** DIRECTIONS FOR THIS TASK **
Restate word for word the lines in the listing below, starting at the line containing "key factors for flashlight" and ending at the line containing "Ibanez GRX40-MLB Guitarra", both included; leave out the rest.
-------
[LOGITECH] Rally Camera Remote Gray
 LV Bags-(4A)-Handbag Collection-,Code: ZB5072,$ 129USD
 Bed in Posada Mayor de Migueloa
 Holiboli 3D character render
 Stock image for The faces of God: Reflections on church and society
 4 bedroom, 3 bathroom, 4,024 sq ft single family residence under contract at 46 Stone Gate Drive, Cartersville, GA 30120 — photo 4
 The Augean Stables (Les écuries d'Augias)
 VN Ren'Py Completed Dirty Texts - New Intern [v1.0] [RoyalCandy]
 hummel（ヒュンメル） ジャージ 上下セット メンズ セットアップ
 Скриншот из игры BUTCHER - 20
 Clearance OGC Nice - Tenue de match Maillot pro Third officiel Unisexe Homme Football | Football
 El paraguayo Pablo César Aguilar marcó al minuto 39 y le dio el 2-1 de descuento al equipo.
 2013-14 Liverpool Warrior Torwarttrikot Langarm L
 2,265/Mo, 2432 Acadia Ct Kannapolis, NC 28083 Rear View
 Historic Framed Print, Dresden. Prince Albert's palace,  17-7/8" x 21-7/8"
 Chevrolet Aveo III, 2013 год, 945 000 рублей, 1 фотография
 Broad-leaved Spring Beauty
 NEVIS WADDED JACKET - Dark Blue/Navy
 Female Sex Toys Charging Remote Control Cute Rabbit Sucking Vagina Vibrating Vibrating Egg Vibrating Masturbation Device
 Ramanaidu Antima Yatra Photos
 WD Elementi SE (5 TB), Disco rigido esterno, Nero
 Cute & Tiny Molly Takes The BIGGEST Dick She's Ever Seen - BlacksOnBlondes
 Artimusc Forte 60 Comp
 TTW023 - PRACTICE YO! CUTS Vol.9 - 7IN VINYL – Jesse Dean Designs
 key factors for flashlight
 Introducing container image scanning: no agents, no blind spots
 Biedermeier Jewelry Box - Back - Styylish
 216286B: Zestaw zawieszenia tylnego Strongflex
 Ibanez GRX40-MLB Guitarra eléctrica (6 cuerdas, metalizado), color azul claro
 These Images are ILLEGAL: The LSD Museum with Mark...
-------
** TASK ANSWER **
 key factors for flashlight
 Introducing container image scanning: no agents, no blind spots
 Biedermeier Jewelry Box - Back - Styylish
 216286B: Zestaw zawieszenia tylnego Strongflex
 Ibanez GRX40-MLB Guitarra eléctrica (6 cuerdas, metalizado), color azul claro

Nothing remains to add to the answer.